テレビで見る私達は、黄旗や赤旗が出ているかどうかの確認を、周回数を表示させる部分の色の変化で確認することができます。また、有料のLT(Live Timing)を使えばどこからどこまでがイエローなのかもわかったりします。
画面以外でも、マーシャルが振っている旗を見つけることができたらそこでわかりますね。ちなみにマーシャルとはコース係員の総称です。F1を見始めた頃はマーシャルという単語がよくとびかっていて、てっきりマーシャルさんという名前の人がたくさんいるのかと思っていたりもしました。
それではここで本題にもどそうと思います。
旗には大きな意味合いで分けると、以下の様な3つの分類に分けることができます。
・ステータスフラッグ
・インストラクションフラッグ
・チェッカーフラッグ
それぞれの分類や、その分類に含まれている旗の種類・意味等について、先程の例なども交えながら説明していこうと思います。
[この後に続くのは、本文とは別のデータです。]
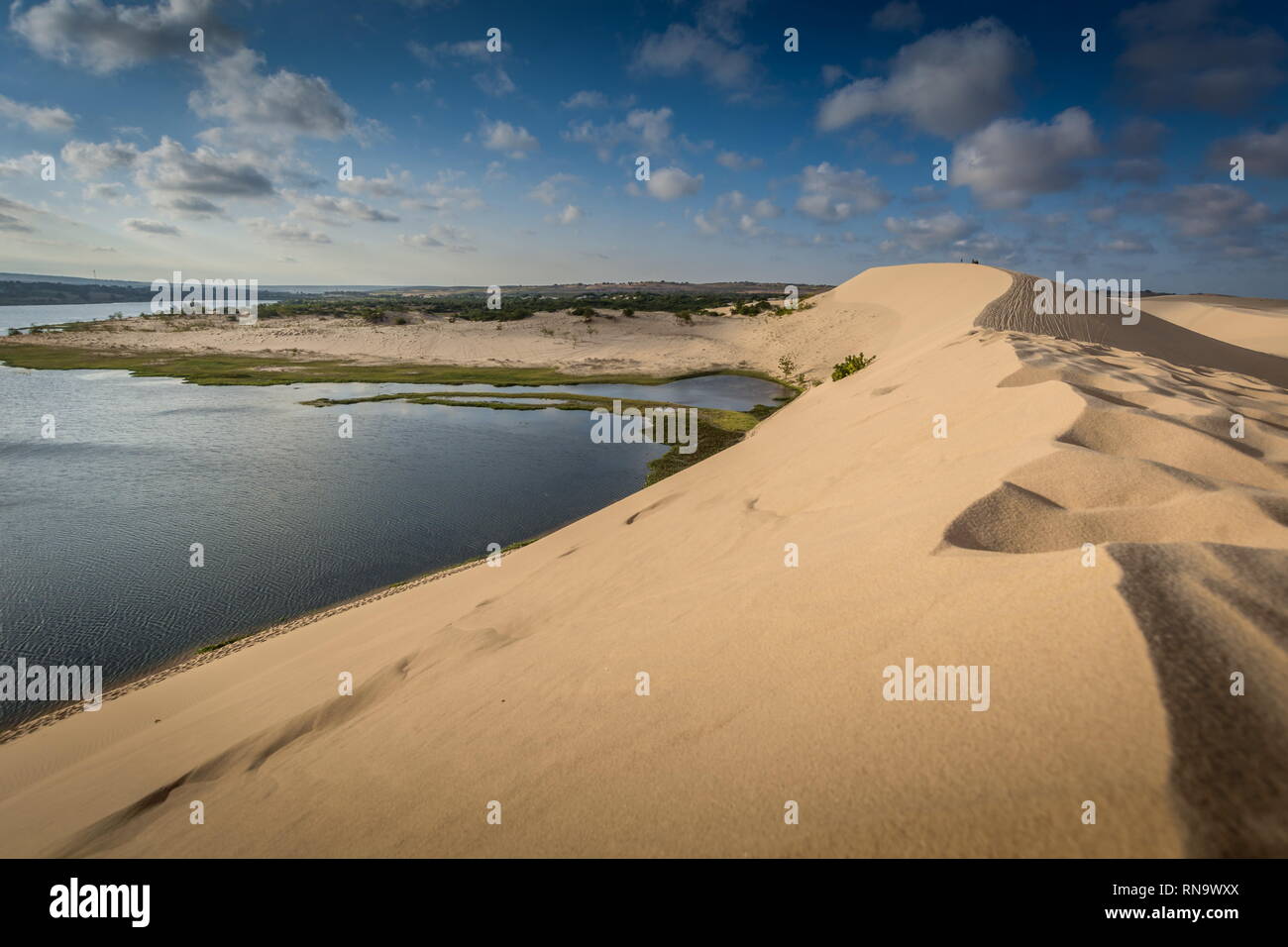 Dunes blanches et le lac à Mui Ne, le sud du Vietnam Banque D'Images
これから説明していく旗の数字と、画像で示している旗の数字が対応しているので、旗を見ながら説明を見てもらえればと思います。
●ステータスフラッグ
これはコースの状況をすべてのドライバーに知らせるために使われる旗の分類で、次のようなものがそれにあてはまります。
1.黄旗(イエローフラッグ)
「ここ危なくなってるから注意して走れ」
コース上が一部危険な状態であるということを示す場合に使われる旗です。例えばクラッシュとかが起き、パーツが飛んでいたり、コース上やそのすぐ近くに車があったりする場合などに振られることがおおいです。この旗が振られている区間では通常よりも減速して危険を回避する必要が有るため、この区間で全力走行をしてはいけませんし、黄旗のときは追い越し禁止なので前の車を追い越すこともできません。
2.オイル旗
この旗を見ると向きは違えどカタルーニャ(カタロニア)を彷彿とさせるのは私だけでしょうか。カタロニアとはスペインから独立しようぜと躍起になってる地域でバルセロナもそこに含まれていたりします。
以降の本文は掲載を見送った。